## Brief
Every line below is to be given again precisely; images are to be left out.

## Data listing
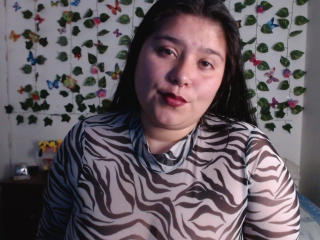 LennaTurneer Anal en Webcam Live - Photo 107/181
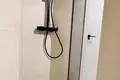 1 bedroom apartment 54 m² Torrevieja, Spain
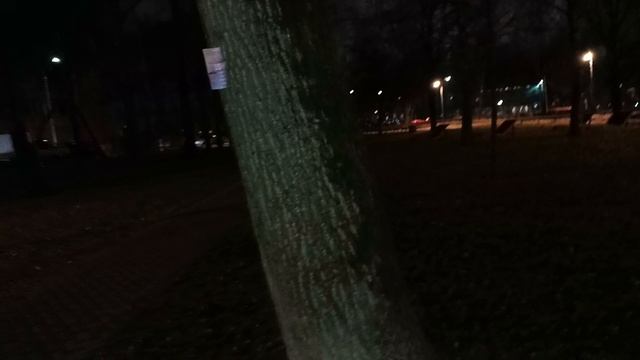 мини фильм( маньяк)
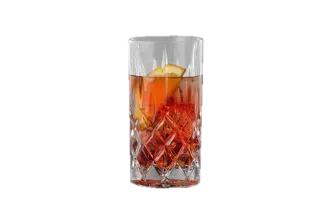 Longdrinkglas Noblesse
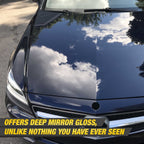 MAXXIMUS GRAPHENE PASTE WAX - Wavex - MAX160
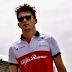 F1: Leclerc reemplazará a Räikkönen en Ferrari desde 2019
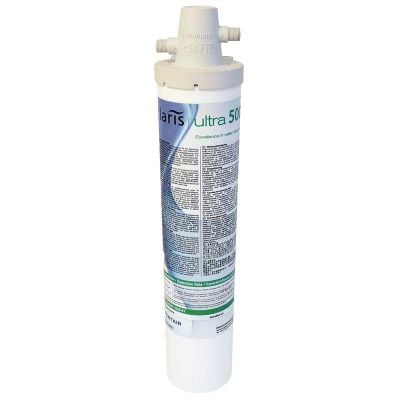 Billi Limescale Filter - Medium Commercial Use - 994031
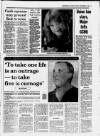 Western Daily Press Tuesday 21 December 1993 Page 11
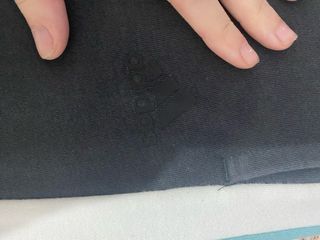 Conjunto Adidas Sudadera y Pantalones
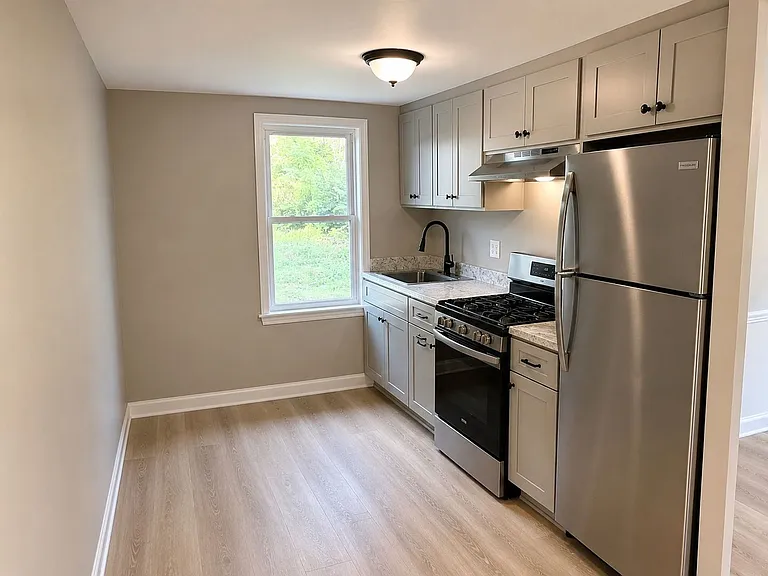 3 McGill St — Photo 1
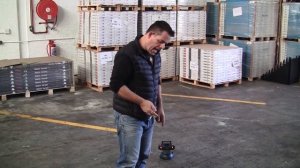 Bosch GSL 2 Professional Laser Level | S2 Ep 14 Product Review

## Exercise response
 LennaTurneer Anal en Webcam Live - Photo 107/181
 1 bedroom apartment 54 m² Torrevieja, Spain
 мини фильм( маньяк)
 Longdrinkglas Noblesse
 MAXXIMUS GRAPHENE PASTE WAX - Wavex - MAX160
 F1: Leclerc reemplazará a Räikkönen en Ferrari desde 2019
 Billi Limescale Filter - Medium Commercial Use - 994031
 Western Daily Press Tuesday 21 December 1993 Page 11
 Conjunto Adidas Sudadera y Pantalones
 3 McGill St — Photo 1
 Bosch GSL 2 Professional Laser Level | S2 Ep 14 Product Review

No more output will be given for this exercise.